The whole world knows that Israel is not squeamish about enforcing its interests. And in light of the latest attacks on Gaza, it is a fact that Israel will not hesitate violating human rights under the pretext of self-defense and attacking people with brute military force without regard for civilian casualties.

The question must be asked: what was the purpose of the actions of this independent Turkish aid organization? The officially stated goals were not achieved; the flotilla could neither break the Israeli naval blockade nor bring relief supplies directly to Gaza. For weeks, Israel had communicated to Turkey through all available diplomatic channels that such aid action would, if necessary, be stopped with violence.

Israel made good on its threats and boarded the largest ship of the maritime aid convoy, contravening international maritime law. In the process there was a shoot-out: at least nine people died and dozens more were injured. And now, the Turkish Prime Minister Recep Tayyip Erdogan rages unchecked against Israel and is playing a dangerous game.

Turkey has been a NATO member for almost 60 years.
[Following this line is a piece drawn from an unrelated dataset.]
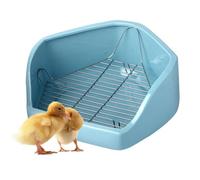 Bac à litière d'angle pour petits animaux - Bac à litière d'angle pour cage à petits animaux - Pour l'intérieur - Toilette pour animaux en forme de pentagones pour poules et canards
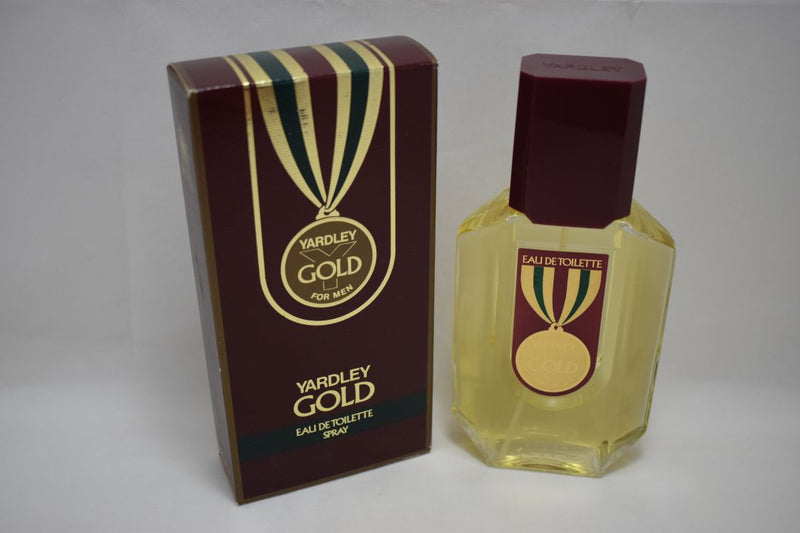 YARDLEY GOLD (VERSION 1983) ORIGINAL FOR MEN / POUR HOMME EAU DE TOILETTE SPRAY 125 ml 4.2 FL.OZ.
As an ally in the Western defense alliance, Turkey has a peace obligation. Recent Turkish diplomacy has succeeded in smoothing the tensions between Iran and the West and mediating between Syria and Israel while remaining credible in the process. But with this week's incident, Turkey has reduced itself to just another member of the anti-Israel front in the Middle East. At the very least, Turkey's credibility regarding future mediation is put in doubt.

The Turkish ship was decorated with giant Turkish and Palestinian flags. The image of the incident was that Israeli soldiers captured a Turkish ship. In Turkey, tens of thousands of demonstrators were mobilized and laid siege to Israel's diplomatic missions. Prime Minister Erdogan raged on against Israel, speaking of "state terrorism," a "regime of lies" and arguing that Israel must now be "punished." According to Erdogan, whoever chooses to ignore the atrocities of Israel makes himself "complicit in the crime against humanity."

The arduous international efforts to achieve a lasting peace in the Middle East are important to Turkey, as is the peace process in the Caucasus or the Balkans. Therefore, they should not be harnessed to the cart of discordant states in the Middle East that lack basic democratic structures.

There are very few, barely audible voices in Turkey that warn against a further verbal escalation. In Europe, the Erdogan's arguments fall on stunned ears. Although he condemns anti-Semitism and promises the Jewish community in his country security, the waves of anti-Israeli hatred have reached Turkey.

One of the few sensible voices in Europe came from Ruprecht Polenz, the chairman of the Foreign Committee of the German Bundestag. He called, contrary to the stance of Germany's Christian Democrats, for attempts to further motivate Turkey towards EU membership rather than to reject it on religious and cultural grounds. It's easy to see which camp Turkey will fall into if its bid for EU membership fails. The EU would be acting in their own foreign policy interests by keeping Turkey on the membership track.